主人公は幼い二人、弟ダミアンと兄アンソニー。大量のポンド札が入ったスポーツバッグを拾うところから話が始まる。
映画の中では、イギリスがユーロを導入した設定にあり、12日後、お金は紙切れとなってしまう運命にあるのだ。
聖人を尊敬するダミアンは、お金は神様からの贈り物だと信じ込み、貧しい人のために役立てようと考える。アンソニーは、あくまでも自分の欲しいものを買うために使うことを考える……。
「あなたなら、どうする?」と問いかけられる思いがするが、何せ、幼い兄弟が、お金がいっぱいで重たい大きなバッグを、えっちらおっちらと運んでいるので、その姿がとってもかわいくて見とれてしまう。
しかも、2人のキャラクターが感心するほどよくできているのだ。かわいいだけでない、子どものズルさもあって、立体的に子どもを演出できている。ダミアン役のアレックス君は本作で発掘された素人だが、ちょっと変わり者の感じがよく出ていて、誰にも見えていないものがホントに見えていそう……。
現実主義の兄と空想家の弟という対照的な性格、10歳と8歳という年齢設定もうまい。なぜなら、子どもって10歳ごろから現実的な部分を持ち合わせていくと思いませんか? その部分が、キャラクターによく生かされています。
幼い2人の兄弟は、母を亡くしたばかりという、お金以上の揺るぎない現実を背負っている。終始8歳の弟の目の高さから語られるおかげで、すっかりダミアンの気持ちになりながら見てしまうだけに、古いお金(ポンド)との決別を母の死を受け入れることと重ね合わせているドラマが、深く胸に染み込んでくる。
大金のせいで、いつしかお金に使われ、大人をも巻き込んで危険な目に合うハラハラを作り、テンポも良い。
寓話の世界を引き立てているカラフルな色合いは、なんでも、夏に冬の設定で撮 影したそう。CGの取り入れ方が効果的だ。

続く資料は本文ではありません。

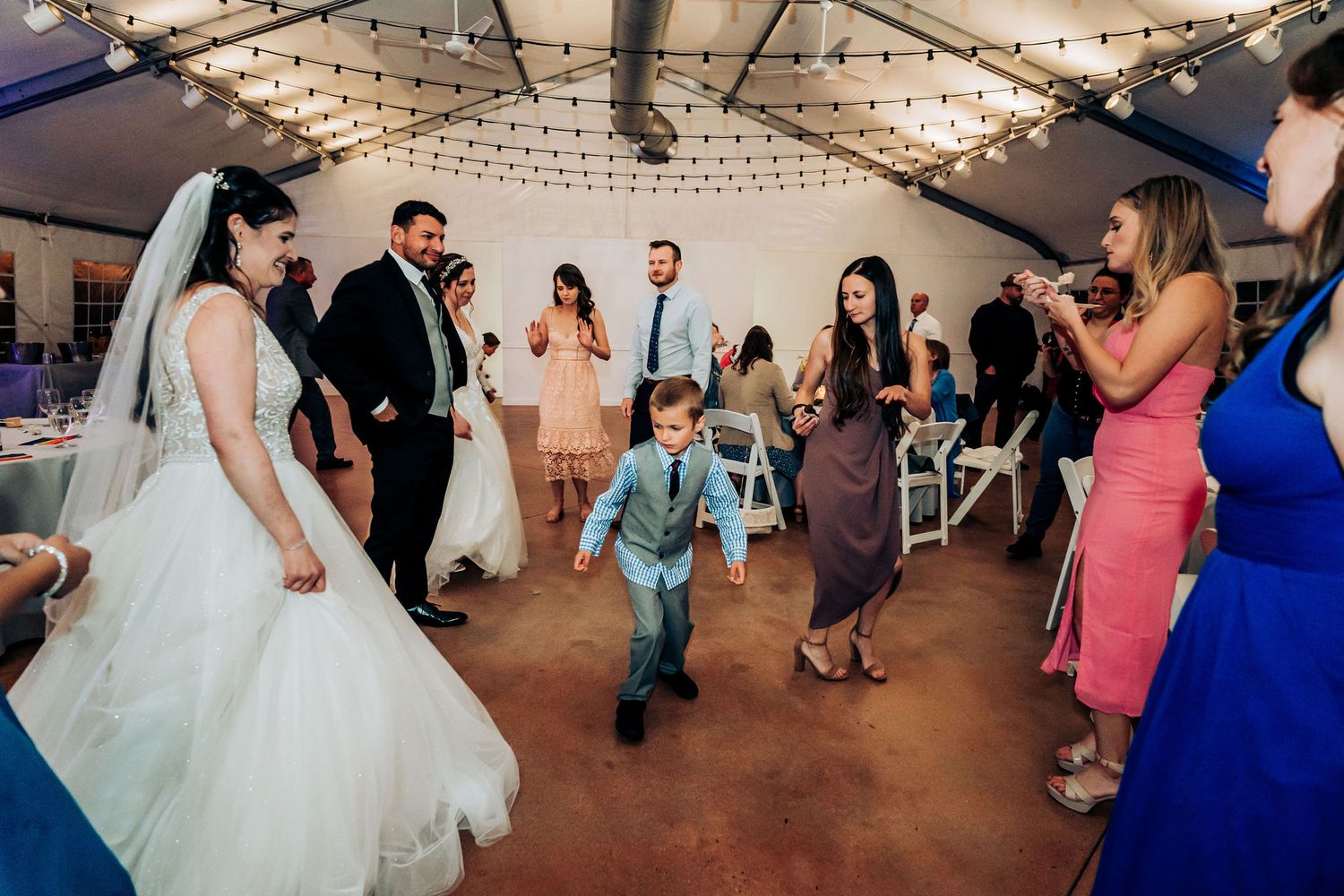 Wedding reception dance floor with guests celebrating under string lights.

シンプルな内容に、いろんな要素が組み合わさって、たくさんのメッセージがシンフォニーとなって鳴り響いてくる。
[文・イラスト、上村恭子]
(シネマライズにて公開中。後、全国順次公開)
☆プチ見どころ
その1 聖人の前で歯磨き、お着替えのダミアン。
その2 監督が学校の先生役で登場している。